◆ **What you have to do**
Please retype the listing below exactly, from its opening line through the line where "Leziter Yorki 310" appears.

◆ **Listed entries**
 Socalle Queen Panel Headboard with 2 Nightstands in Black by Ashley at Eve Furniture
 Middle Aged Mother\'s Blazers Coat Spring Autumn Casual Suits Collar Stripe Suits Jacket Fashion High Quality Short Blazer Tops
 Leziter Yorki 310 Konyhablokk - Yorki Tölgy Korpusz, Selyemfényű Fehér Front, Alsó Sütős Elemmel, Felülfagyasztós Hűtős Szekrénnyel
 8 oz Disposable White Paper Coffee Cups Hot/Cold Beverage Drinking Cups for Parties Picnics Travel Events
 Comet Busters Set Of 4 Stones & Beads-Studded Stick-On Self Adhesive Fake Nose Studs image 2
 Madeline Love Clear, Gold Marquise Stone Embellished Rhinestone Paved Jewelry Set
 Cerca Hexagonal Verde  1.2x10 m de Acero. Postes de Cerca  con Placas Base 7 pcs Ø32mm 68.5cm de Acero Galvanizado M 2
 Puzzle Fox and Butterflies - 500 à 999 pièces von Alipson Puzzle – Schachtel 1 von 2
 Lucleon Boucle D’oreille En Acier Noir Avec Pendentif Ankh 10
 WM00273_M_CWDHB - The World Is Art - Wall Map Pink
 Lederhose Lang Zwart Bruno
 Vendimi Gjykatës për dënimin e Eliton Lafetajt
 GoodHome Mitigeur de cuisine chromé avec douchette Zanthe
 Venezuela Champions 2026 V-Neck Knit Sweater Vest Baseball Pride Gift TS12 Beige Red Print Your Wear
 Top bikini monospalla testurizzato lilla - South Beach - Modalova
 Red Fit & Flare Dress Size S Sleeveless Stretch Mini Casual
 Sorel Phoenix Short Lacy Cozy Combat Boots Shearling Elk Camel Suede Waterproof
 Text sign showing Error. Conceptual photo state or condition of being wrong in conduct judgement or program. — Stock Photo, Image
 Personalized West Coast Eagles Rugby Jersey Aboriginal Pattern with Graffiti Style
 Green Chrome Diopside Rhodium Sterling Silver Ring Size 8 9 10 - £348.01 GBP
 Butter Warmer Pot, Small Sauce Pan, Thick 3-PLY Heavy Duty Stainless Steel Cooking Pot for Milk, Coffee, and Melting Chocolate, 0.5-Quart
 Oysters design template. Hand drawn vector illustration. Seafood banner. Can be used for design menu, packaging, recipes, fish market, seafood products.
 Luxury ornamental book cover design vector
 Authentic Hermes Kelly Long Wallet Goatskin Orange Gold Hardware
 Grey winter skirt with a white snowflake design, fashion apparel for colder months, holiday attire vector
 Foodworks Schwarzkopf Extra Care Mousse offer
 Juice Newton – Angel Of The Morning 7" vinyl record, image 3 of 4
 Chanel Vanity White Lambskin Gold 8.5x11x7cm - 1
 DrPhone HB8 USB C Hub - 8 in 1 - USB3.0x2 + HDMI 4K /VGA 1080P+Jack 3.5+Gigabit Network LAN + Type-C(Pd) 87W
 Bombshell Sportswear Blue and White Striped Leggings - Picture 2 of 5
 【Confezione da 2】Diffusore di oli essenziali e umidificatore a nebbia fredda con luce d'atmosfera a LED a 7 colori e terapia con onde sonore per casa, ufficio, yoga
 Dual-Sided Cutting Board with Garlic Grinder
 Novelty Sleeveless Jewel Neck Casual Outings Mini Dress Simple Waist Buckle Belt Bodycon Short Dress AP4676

◆ **Result of this exercise**
 Socalle Queen Panel Headboard with 2 Nightstands in Black by Ashley at Eve Furniture
 Middle Aged Mother\'s Blazers Coat Spring Autumn Casual Suits Collar Stripe Suits Jacket Fashion High Quality Short Blazer Tops
 Leziter Yorki 310 Konyhablokk - Yorki Tölgy Korpusz, Selyemfényű Fehér Front, Alsó Sütős Elemmel, Felülfagyasztós Hűtős Szekrénnyel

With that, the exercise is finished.